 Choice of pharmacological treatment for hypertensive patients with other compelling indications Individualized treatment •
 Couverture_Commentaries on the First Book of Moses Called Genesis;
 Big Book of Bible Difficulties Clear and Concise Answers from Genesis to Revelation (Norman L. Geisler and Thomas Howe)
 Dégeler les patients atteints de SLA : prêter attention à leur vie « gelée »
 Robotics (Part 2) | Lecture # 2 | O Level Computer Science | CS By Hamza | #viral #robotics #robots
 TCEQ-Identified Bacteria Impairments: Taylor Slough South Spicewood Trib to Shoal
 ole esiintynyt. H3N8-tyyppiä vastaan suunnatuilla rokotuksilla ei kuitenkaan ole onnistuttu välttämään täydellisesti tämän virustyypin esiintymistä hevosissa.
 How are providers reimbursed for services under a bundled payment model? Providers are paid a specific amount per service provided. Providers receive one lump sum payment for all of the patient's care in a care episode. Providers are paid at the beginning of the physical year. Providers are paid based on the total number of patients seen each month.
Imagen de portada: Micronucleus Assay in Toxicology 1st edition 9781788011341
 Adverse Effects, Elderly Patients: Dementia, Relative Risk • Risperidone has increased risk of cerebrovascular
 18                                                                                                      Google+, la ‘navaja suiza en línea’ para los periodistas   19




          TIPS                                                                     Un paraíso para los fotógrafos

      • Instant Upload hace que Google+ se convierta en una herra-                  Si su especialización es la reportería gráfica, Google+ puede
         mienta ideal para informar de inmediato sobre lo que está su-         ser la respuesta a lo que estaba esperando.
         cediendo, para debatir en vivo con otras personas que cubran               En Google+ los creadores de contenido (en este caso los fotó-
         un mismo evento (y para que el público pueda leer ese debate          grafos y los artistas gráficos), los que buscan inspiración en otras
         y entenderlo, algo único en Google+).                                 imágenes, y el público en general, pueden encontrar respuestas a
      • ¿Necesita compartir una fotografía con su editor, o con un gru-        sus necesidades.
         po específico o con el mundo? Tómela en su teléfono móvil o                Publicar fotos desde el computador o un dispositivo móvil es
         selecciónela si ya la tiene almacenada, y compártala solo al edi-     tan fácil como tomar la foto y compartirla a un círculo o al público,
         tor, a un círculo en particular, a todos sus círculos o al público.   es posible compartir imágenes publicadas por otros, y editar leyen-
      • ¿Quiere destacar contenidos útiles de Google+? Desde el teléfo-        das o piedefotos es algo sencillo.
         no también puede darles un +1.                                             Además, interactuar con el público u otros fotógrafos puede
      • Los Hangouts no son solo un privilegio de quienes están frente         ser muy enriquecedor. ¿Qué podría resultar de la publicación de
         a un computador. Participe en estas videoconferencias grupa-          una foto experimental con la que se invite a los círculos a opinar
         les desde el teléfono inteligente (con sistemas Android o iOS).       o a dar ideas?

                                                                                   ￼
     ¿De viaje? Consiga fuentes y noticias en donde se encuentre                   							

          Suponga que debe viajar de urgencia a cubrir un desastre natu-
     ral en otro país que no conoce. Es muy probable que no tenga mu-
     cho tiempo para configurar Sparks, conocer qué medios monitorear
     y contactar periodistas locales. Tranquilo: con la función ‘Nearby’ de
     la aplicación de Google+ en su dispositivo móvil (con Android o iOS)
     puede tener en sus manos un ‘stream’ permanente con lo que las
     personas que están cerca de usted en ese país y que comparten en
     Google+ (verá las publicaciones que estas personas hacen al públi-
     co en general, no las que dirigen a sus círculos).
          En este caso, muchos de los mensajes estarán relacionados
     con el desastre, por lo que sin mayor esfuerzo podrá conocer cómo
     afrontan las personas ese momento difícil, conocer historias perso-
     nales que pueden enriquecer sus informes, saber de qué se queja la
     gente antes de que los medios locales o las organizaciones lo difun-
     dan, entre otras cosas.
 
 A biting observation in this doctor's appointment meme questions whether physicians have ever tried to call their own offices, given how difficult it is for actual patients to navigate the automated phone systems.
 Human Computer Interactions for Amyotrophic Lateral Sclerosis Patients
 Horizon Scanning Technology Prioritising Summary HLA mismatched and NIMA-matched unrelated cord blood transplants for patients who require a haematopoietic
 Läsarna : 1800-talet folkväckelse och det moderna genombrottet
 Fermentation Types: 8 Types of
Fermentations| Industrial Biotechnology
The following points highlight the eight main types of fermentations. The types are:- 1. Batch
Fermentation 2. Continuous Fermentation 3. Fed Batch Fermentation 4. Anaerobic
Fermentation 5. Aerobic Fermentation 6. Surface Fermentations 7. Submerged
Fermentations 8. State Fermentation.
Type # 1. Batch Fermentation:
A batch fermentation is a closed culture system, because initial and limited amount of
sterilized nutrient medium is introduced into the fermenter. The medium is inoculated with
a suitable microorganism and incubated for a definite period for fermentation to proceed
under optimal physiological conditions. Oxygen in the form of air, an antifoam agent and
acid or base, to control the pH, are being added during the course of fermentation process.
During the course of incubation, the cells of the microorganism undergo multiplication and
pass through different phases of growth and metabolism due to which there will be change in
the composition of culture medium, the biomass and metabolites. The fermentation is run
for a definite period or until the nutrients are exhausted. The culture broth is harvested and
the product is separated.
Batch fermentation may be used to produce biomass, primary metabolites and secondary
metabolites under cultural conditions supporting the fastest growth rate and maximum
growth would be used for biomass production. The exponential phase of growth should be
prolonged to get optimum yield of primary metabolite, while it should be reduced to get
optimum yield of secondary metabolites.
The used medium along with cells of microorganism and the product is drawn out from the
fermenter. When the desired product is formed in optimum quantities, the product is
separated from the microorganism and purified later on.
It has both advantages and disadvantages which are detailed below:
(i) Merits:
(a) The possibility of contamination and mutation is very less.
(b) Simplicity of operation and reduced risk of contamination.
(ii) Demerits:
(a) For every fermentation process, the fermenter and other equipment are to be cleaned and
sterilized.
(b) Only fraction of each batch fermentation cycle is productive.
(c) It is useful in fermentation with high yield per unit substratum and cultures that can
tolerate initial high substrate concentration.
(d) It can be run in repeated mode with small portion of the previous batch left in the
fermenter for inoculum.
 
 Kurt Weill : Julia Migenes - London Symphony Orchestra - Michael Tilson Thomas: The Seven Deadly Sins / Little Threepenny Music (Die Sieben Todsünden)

■ **Problem to work on**: The records above need to be restated word for word, with the pictures left out.

■ **Exercise response**:
 Choice of pharmacological treatment for hypertensive patients with other compelling indications Individualized treatment •
 Couverture_Commentaries on the First Book of Moses Called Genesis;
 Big Book of Bible Difficulties Clear and Concise Answers from Genesis to Revelation (Norman L. Geisler and Thomas Howe)
 Dégeler les patients atteints de SLA : prêter attention à leur vie « gelée »
 Robotics (Part 2) | Lecture # 2 | O Level Computer Science | CS By Hamza | #viral #robotics #robots
 TCEQ-Identified Bacteria Impairments: Taylor Slough South Spicewood Trib to Shoal
 ole esiintynyt. H3N8-tyyppiä vastaan suunnatuilla rokotuksilla ei kuitenkaan ole onnistuttu välttämään täydellisesti tämän virustyypin esiintymistä hevosissa.
 How are providers reimbursed for services under a bundled payment model? Providers are paid a specific amount per service provided. Providers receive one lump sum payment for all of the patient's care in a care episode. Providers are paid at the beginning of the physical year. Providers are paid based on the total number of patients seen each month.
Imagen de portada: Micronucleus Assay in Toxicology 1st edition 9781788011341
 Adverse Effects, Elderly Patients: Dementia, Relative Risk • Risperidone has increased risk of cerebrovascular
 18                                                                                                      Google+, la ‘navaja suiza en línea’ para los periodistas   19




          TIPS                                                                     Un paraíso para los fotógrafos

      • Instant Upload hace que Google+ se convierta en una herra-                  Si su especialización es la reportería gráfica, Google+ puede
         mienta ideal para informar de inmediato sobre lo que está su-         ser la respuesta a lo que estaba esperando.
         cediendo, para debatir en vivo con otras personas que cubran               En Google+ los creadores de contenido (en este caso los fotó-
         un mismo evento (y para que el público pueda leer ese debate          grafos y los artistas gráficos), los que buscan inspiración en otras
         y entenderlo, algo único en Google+).                                 imágenes, y el público en general, pueden encontrar respuestas a
      • ¿Necesita compartir una fotografía con su editor, o con un gru-        sus necesidades.
         po específico o con el mundo? Tómela en su teléfono móvil o                Publicar fotos desde el computador o un dispositivo móvil es
         selecciónela si ya la tiene almacenada, y compártala solo al edi-     tan fácil como tomar la foto y compartirla a un círculo o al público,
         tor, a un círculo en particular, a todos sus círculos o al público.   es posible compartir imágenes publicadas por otros, y editar leyen-
      • ¿Quiere destacar contenidos útiles de Google+? Desde el teléfo-        das o piedefotos es algo sencillo.
         no también puede darles un +1.                                             Además, interactuar con el público u otros fotógrafos puede
      • Los Hangouts no son solo un privilegio de quienes están frente         ser muy enriquecedor. ¿Qué podría resultar de la publicación de
         a un computador. Participe en estas videoconferencias grupa-          una foto experimental con la que se invite a los círculos a opinar
         les desde el teléfono inteligente (con sistemas Android o iOS).       o a dar ideas?

     ¿De viaje? Consiga fuentes y noticias en donde se encuentre                   							

          Suponga que debe viajar de urgencia a cubrir un desastre natu-
     ral en otro país que no conoce. Es muy probable que no tenga mu-
     cho tiempo para configurar Sparks, conocer qué medios monitorear
     y contactar periodistas locales. Tranquilo: con la función ‘Nearby’ de
     la aplicación de Google+ en su dispositivo móvil (con Android o iOS)
     puede tener en sus manos un ‘stream’ permanente con lo que las
     personas que están cerca de usted en ese país y que comparten en
     Google+ (verá las publicaciones que estas personas hacen al públi-
     co en general, no las que dirigen a sus círculos).
          En este caso, muchos de los mensajes estarán relacionados
     con el desastre, por lo que sin mayor esfuerzo podrá conocer cómo
     afrontan las personas ese momento difícil, conocer historias perso-
     nales que pueden enriquecer sus informes, saber de qué se queja la
     gente antes de que los medios locales o las organizaciones lo difun-
     dan, entre otras cosas.
 
 A biting observation in this doctor's appointment meme questions whether physicians have ever tried to call their own offices, given how difficult it is for actual patients to navigate the automated phone systems.
 Human Computer Interactions for Amyotrophic Lateral Sclerosis Patients
 Horizon Scanning Technology Prioritising Summary HLA mismatched and NIMA-matched unrelated cord blood transplants for patients who require a haematopoietic
 Läsarna : 1800-talet folkväckelse och det moderna genombrottet
 Fermentation Types: 8 Types of
Fermentations| Industrial Biotechnology
The following points highlight the eight main types of fermentations. The types are:- 1. Batch
Fermentation 2. Continuous Fermentation 3. Fed Batch Fermentation 4. Anaerobic
Fermentation 5. Aerobic Fermentation 6. Surface Fermentations 7. Submerged
Fermentations 8. State Fermentation.
Type # 1. Batch Fermentation:
A batch fermentation is a closed culture system, because initial and limited amount of
sterilized nutrient medium is introduced into the fermenter. The medium is inoculated with
a suitable microorganism and incubated for a definite period for fermentation to proceed
under optimal physiological conditions. Oxygen in the form of air, an antifoam agent and
acid or base, to control the pH, are being added during the course of fermentation process.
During the course of incubation, the cells of the microorganism undergo multiplication and
pass through different phases of growth and metabolism due to which there will be change in
the composition of culture medium, the biomass and metabolites. The fermentation is run
for a definite period or until the nutrients are exhausted. The culture broth is harvested and
the product is separated.
Batch fermentation may be used to produce biomass, primary metabolites and secondary
metabolites under cultural conditions supporting the fastest growth rate and maximum
growth would be used for biomass production. The exponential phase of growth should be
prolonged to get optimum yield of primary metabolite, while it should be reduced to get
optimum yield of secondary metabolites.
The used medium along with cells of microorganism and the product is drawn out from the
fermenter. When the desired product is formed in optimum quantities, the product is
separated from the microorganism and purified later on.
It has both advantages and disadvantages which are detailed below:
(i) Merits:
(a) The possibility of contamination and mutation is very less.
(b) Simplicity of operation and reduced risk of contamination.
(ii) Demerits:
(a) For every fermentation process, the fermenter and other equipment are to be cleaned and
sterilized.
(b) Only fraction of each batch fermentation cycle is productive.
(c) It is useful in fermentation with high yield per unit substratum and cultures that can
tolerate initial high substrate concentration.
(d) It can be run in repeated mode with small portion of the previous batch left in the
fermenter for inoculum.
 
 Kurt Weill : Julia Migenes - London Symphony Orchestra - Michael Tilson Thomas: The Seven Deadly Sins / Little Threepenny Music (Die Sieben Todsünden)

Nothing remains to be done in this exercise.